Objective: To construct a nomogram prediction model for 28-day mortality in septic shock patients based on routine laboratory data mining and verify its predictive value.

Methods: The clinical data of patients with septic shock admitted to Anhui Medical University Affiliated Fuyang Hospital from January 2018 to November 2023 were retrospectively analyzed. The patients were randomly divided into training set and validation set according to the ratio of 8 : 2. The patient's gender, age, body mass index, underlying disease, smoking history, alcohol history, infection site, acute physiology and chronic health evaluation II (APACHE II), sequential organ failure assessment (SOFA), respiratory rate, heart rate, mean arterial pressure, blood lactate, procalcitonin, C-reactive protein, white blood cell count, platelet count, serum alanine aminotransferase, aspartate aminotransferase, urea nitrogen, serum creatinine, fibrinogen, D-dimer, albumin on the first day of admission to the intensive care unit (ICU), duration of mechanical ventilation, and length of ICU stay were collected. The patients were divided into survival and death groups based on their 28-day prognosis. The factors influencing 28-day mortality were analyzed, and routine laboratory data were used to develop a nomogram model for predicting the risk of 28-day mortality in septic shock patients. The model was validated and assessed using the Bootstrap method, calibration curve, and receiver operator characteristic curve (ROC curve).

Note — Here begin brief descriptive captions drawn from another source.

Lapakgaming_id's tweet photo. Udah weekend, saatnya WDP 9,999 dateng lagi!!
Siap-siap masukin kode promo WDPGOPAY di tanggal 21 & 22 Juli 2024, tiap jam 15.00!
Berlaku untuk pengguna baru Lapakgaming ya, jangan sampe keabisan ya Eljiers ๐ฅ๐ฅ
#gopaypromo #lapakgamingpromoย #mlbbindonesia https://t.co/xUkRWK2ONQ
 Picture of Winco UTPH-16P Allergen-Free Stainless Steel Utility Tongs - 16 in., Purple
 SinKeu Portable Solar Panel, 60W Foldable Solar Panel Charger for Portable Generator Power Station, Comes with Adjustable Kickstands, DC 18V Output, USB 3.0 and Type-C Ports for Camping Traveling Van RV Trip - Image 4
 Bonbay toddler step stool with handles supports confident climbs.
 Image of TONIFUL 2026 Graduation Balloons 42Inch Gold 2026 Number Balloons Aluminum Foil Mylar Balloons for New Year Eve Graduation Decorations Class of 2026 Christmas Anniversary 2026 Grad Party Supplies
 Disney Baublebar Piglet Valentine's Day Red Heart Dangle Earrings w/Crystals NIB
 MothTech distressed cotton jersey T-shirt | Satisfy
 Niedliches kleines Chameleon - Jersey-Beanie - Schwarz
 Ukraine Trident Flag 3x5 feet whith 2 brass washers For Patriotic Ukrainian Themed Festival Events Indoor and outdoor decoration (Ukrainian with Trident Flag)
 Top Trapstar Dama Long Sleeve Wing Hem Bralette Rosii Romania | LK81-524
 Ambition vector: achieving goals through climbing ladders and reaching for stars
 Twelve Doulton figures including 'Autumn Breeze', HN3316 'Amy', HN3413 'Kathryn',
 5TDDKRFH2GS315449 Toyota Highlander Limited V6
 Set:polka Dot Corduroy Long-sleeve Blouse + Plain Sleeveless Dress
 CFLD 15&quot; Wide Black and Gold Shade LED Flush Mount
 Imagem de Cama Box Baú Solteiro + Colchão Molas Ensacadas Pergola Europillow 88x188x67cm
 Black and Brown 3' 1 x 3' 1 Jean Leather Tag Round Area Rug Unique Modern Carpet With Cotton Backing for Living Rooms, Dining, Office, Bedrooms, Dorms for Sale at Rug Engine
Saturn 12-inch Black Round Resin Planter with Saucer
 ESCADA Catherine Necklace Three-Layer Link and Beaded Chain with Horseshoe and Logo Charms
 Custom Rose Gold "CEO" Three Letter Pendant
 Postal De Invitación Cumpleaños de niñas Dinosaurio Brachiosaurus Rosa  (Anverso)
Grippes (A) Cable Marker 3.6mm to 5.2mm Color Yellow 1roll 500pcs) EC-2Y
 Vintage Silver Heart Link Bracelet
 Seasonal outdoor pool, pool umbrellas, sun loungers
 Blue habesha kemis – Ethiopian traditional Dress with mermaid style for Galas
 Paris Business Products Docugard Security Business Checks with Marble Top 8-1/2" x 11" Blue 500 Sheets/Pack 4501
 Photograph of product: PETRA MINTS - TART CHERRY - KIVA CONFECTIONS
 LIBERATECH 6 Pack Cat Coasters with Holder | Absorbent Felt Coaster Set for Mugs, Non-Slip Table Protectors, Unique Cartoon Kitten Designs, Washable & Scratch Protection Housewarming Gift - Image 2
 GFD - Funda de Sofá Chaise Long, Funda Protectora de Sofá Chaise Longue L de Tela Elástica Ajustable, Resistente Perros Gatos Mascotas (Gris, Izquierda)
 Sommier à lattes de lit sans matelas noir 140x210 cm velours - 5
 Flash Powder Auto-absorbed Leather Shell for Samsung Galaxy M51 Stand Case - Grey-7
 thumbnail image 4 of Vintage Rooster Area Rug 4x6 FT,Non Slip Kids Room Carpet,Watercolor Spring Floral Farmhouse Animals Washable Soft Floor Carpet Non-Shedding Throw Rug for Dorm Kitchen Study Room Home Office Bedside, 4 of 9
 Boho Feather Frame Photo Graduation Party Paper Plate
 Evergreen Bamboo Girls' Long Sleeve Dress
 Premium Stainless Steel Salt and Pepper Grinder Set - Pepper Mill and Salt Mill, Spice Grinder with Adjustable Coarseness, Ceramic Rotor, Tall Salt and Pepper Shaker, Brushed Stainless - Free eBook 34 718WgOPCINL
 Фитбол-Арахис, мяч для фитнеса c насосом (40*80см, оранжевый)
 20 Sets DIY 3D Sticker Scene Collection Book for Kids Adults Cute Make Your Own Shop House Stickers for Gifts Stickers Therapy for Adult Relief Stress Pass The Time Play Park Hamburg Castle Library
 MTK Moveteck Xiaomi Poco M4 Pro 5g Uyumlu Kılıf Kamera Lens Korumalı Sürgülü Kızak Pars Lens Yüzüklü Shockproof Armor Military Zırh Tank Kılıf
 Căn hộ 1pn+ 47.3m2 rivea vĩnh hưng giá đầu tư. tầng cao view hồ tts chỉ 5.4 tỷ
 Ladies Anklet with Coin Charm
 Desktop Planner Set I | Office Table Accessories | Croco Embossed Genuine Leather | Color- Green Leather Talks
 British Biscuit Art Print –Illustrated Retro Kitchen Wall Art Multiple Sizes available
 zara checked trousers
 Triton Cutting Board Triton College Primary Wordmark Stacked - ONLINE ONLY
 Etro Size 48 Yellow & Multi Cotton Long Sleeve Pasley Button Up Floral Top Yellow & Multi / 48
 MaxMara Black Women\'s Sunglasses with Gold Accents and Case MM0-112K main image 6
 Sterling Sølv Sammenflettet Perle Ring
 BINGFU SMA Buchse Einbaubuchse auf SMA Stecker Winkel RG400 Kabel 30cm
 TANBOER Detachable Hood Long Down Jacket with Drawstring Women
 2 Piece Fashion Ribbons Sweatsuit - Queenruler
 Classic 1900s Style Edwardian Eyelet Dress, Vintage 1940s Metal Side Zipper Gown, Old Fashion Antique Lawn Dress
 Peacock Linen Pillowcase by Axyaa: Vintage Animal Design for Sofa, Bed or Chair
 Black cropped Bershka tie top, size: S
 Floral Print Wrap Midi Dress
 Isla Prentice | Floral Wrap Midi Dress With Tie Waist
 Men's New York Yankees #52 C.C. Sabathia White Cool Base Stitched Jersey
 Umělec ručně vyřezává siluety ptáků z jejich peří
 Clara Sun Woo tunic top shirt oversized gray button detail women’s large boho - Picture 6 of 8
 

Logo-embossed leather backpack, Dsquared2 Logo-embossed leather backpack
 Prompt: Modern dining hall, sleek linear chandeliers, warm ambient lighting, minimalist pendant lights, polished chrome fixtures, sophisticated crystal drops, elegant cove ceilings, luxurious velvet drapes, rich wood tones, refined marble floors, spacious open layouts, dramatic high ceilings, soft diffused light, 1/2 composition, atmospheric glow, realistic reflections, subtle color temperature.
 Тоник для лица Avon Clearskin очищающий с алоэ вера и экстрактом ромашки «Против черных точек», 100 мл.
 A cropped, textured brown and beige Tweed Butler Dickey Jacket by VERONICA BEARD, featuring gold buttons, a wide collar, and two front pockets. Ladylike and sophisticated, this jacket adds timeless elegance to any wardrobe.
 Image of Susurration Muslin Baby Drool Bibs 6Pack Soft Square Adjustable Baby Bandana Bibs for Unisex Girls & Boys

Results: Finally, 128 patients with septic shock were enrolled, and 32 (31.07%) death within 28-day of 103 patients in the training set, 8 (32.00%) death within 28-day of 25 patients in the validation set. Logistic regression analysis showed that APACHE II score [odds ratio (OR) = 5.254, 95% confidence interval (95%CI) was 2.161-12.769], SOFA score (OR = 4.909, 95%CI was 2.020-11.930), blood lactate (OR = 4.419, 95%CI was 1.818-10.741), procalcitonin (OR = 4.358, 95%CI was 1.793-10.591) were significant factors influencing 28-day mortality in septic shock patients (all P < 0.01). Taking the above influencing factors as predictors, a nomogram model was established, with a total score of 89-374, corresponding to a mortality risk of 0.07-0.89. The results of nomogram model validation showed that the C-index was 0.801 (95%CI was 0.759-0.832), and the correction curve for predicting 28-day mortality in patients with septic shock was close to the ideal curve, Hosmer-Lemeshow test showed that χ ² = 0.263, P = 0.512. The results of the ROC curve of the training set showed that the nomogram model had a sensitivity of 78.13% (95%CI was 59.57%-90.06%), a specificity of 80.28% (95%CI was 68.80%-88.43%) and area under the curve (AUC) of 0.854 (95%CI was 0.776-0.937) in predicting 28-day mortality in patients with septic shock. The results of the validation set ROC curve showed that the nomogram model had a sensitivity of 75.00% (95%CI was 35.58%-95.55%), a specificity of 88.23% (95%CI was 62.25%-97.94%) and AUC of 0.871 (95%CI was 0.793-0.946) in predicting 28-day mortality in patients with septic shock.

Conclusions: A nomogram prediction model constructed based on routine laboratory data mining can effectively predict 28-day mortality in septic shock patients, and its prediction performance is good.